Ara Finds Innovative Ways to Deliver Course Content To International Partners
Ara Institute of Canterbury may have a thriving relationship with Japan’s prestigious University of Nagano (UoN), but the trials of COVID have meant that new approaches to teaching and learning have had to be rapidly adopted.
The University and Ara have been in partnership since December 2018, via an arrangement through which Ara was to offer a customised group programme - accredited by Japan’s Ministry of Education, Culture, Sports, Science and Technology (MEXT) as part of UoN’s curriculum - to 15-30 students for three years. As it currently stands, the agreement pairs the UoN’s Faculty of Global Management (GM) and Department of Food and Health Science (FHS) with Ara’s Department of Humanities, Business and Digital Technologies, Applied Science and Hospitality and Service Industries.
The first programme was successfully delivered in June 2019, with 27 GM students and 16 FHS students taking part over a period of between three and two weeks, all of them travelling to Christchurch to study.
However, with the advent of COVID, the 2020 programmes were postponed while the challenges and costs of travel were prohibitive. If the programme was to continue, it became vital to find a solution that would offer learners equivalent worth, so Ara colleagues, together with staff from Kiwi-J-Ana, worked collaboratively to replicate the programme in an online format.
The resulting online programme for 2021 incorporates English language studies, nutrition classes, a cooking demonstration and a language exchange with Japanese language students and some host families. 15 students whose study was postponed from 2020 and a new 15-strong 2021 cohort are now enrolled in the novel, customised online group programme, which started on Monday 15 March and finishes on Friday 26 March.
Claudia Leong, who is delivering the Nutrition class within the programme, says “We really enjoy meeting and getting to know the students, and it’s been great to interact with them through Zoom.

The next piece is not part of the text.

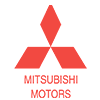 2017 Mitsubishi Shogun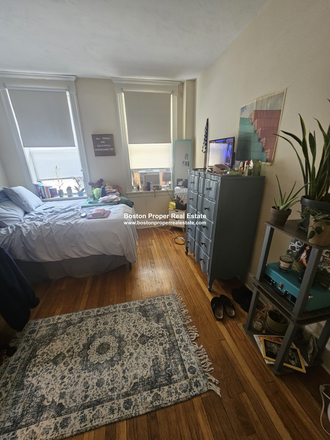 A - BEAUTIFUL UNIT Apartments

We look forward to the time when we would be able to have them in person again at Ara, and we would like to thank the teachers/ staff for helping to facilitate the classroom in person while we were on Zoom.”

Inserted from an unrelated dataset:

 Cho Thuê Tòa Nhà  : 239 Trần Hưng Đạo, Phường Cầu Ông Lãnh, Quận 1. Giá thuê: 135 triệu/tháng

After this Department of Food and Health Science-focussed programme (for FHS), discussion and planning will get underway to create the next Global Management programme in an online format, but this time there will be a focus on ‘Business and Management’ in collaboration with Ara’s Business and Digital Technologies Department. The aim is to deliver this programme later this year.
Tim Hayashi, Ara’s International Market Sector Manager - Japan says “I am extremely pleased to see the work that has been done by colleagues in the face of incredibly challenging circumstances. The degree of collaboration and effort that that they have put into this transition, so that we can deliver an online programme and maintain our institutional relationship with a key offshore partner, will hopefully demonstrate to other providers of student and staff mobility programmes that with a little inspiration and commitment, a lot can be achieved.”